TASK TO COMPLETE ▸
Below is a listing with pictures in it; transcribe exactly the lines from the one that has "kit Conjunto de" through the one that has "Tropikal ormandaki ağaç", and omit those pictures.

======== SUPPLIED RECORDS ========

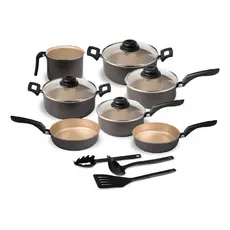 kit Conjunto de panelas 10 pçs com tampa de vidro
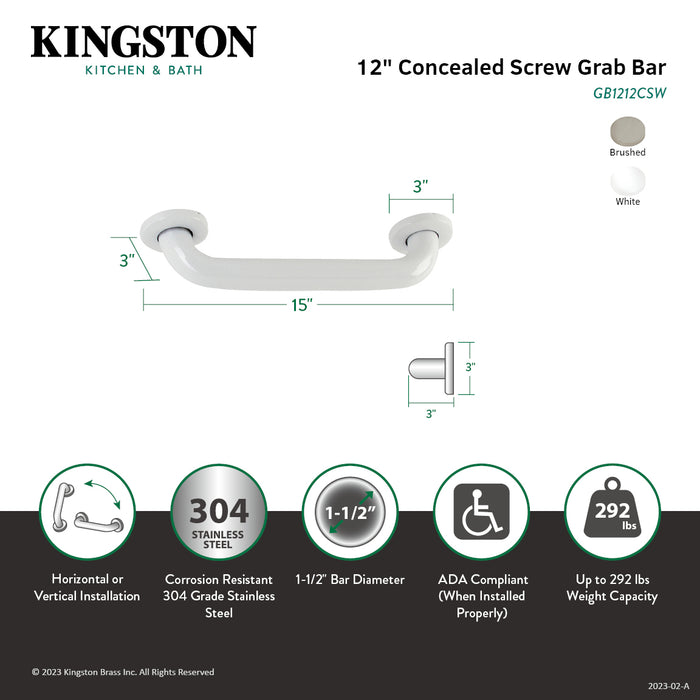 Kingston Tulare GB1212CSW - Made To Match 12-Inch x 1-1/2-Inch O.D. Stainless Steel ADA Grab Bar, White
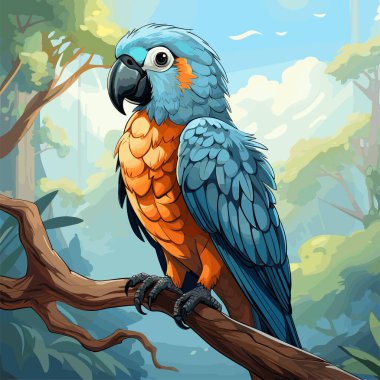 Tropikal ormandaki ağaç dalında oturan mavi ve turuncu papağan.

========
======== SUPPLIED RECORDS ========

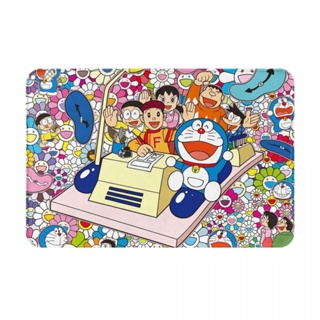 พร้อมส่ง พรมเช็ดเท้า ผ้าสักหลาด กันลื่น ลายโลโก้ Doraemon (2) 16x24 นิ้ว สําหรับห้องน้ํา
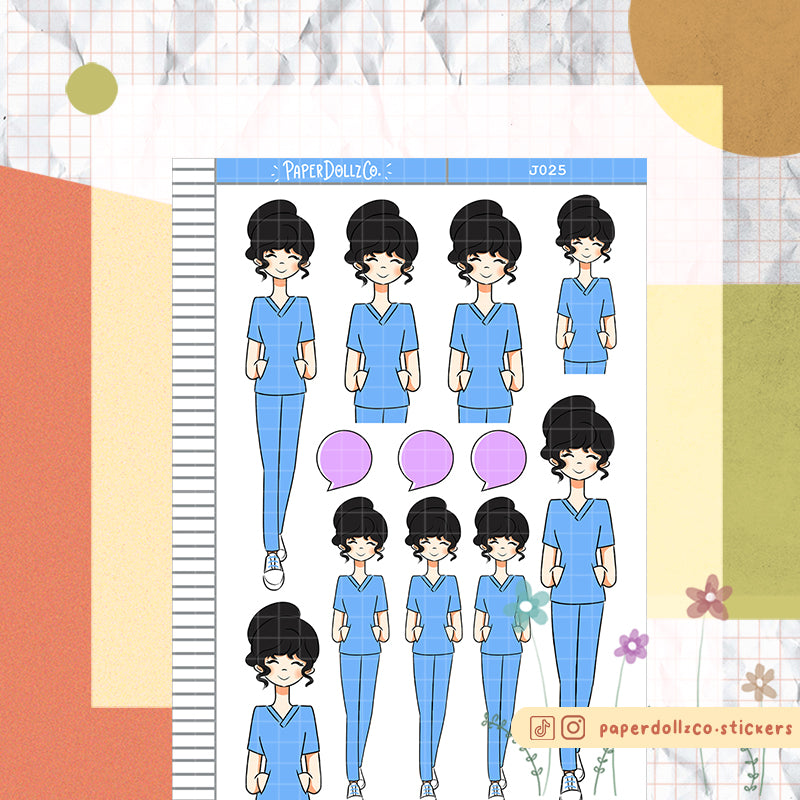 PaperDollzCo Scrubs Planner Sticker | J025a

========

RESULT ▸
 kit Conjunto de panelas 10 pçs com tampa de vidro
 Kingston Tulare GB1212CSW - Made To Match 12-Inch x 1-1/2-Inch O.D. Stainless Steel ADA Grab Bar, White
 Tropikal ormandaki ağaç dalında oturan mavi ve turuncu papağan.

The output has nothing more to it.